EXERCISE INSTRUCTIONS »
Beginning with the line that contains "Mounts For Less", copy each subsequent line of the data below through the last one, including both ends but not the pictures.

INFORMATION SUPPLIED »

++++

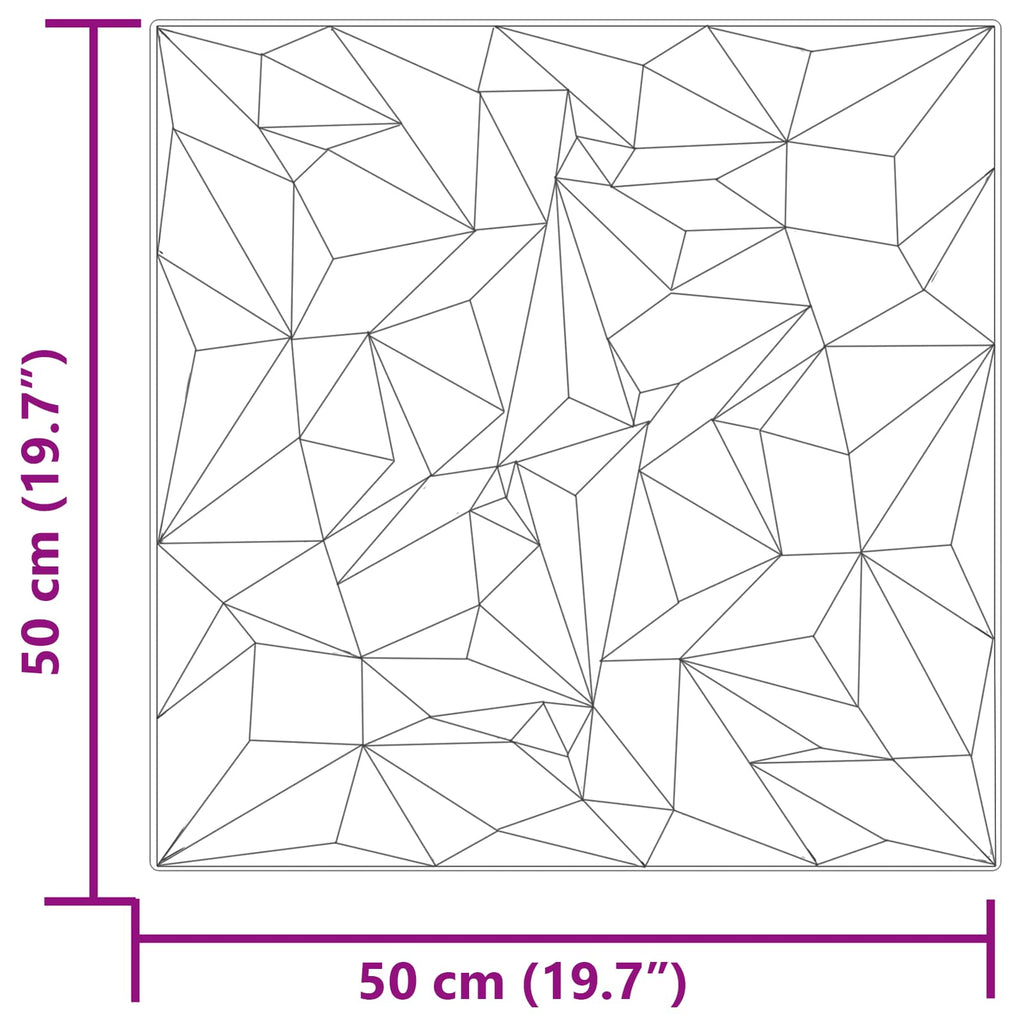 vidaXL Panele ścienne 48 pcs Beton ametystowy 50 x 50 cm Pianka XPS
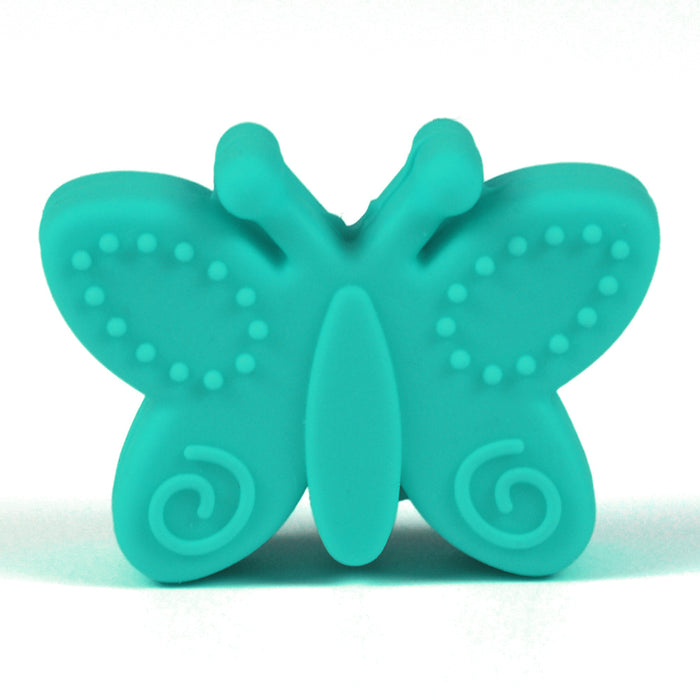 Motivperle i silikon, sommerfugl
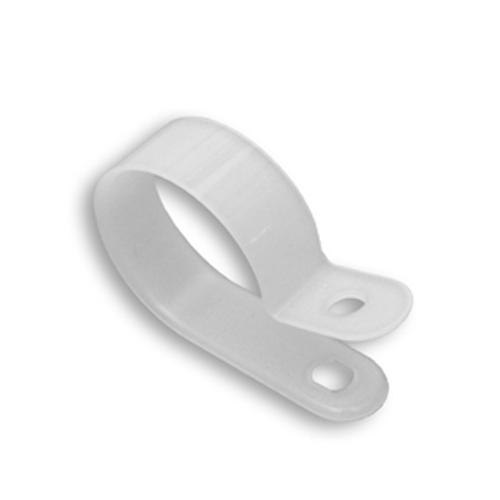 Cable Clamps 1/8", Nylon, Natural, Bag of 100pcs - - Mounts For Less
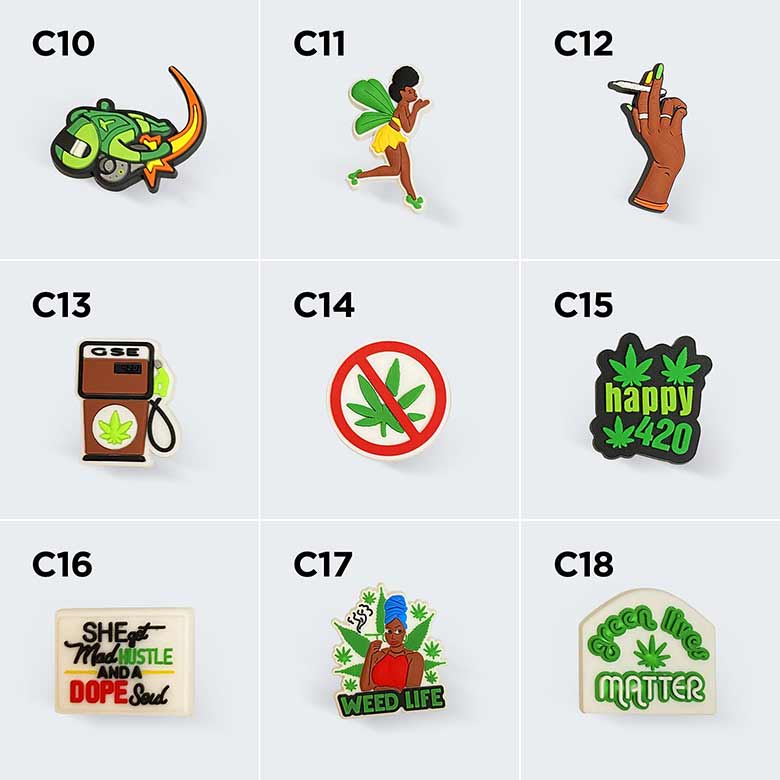 Croc Charms Weed & Money #C1-C39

++++

ANSWER TO THE PROBLEM »
 Cable Clamps 1/8", Nylon, Natural, Bag of 100pcs - - Mounts For Less
 Croc Charms Weed & Money #C1-C39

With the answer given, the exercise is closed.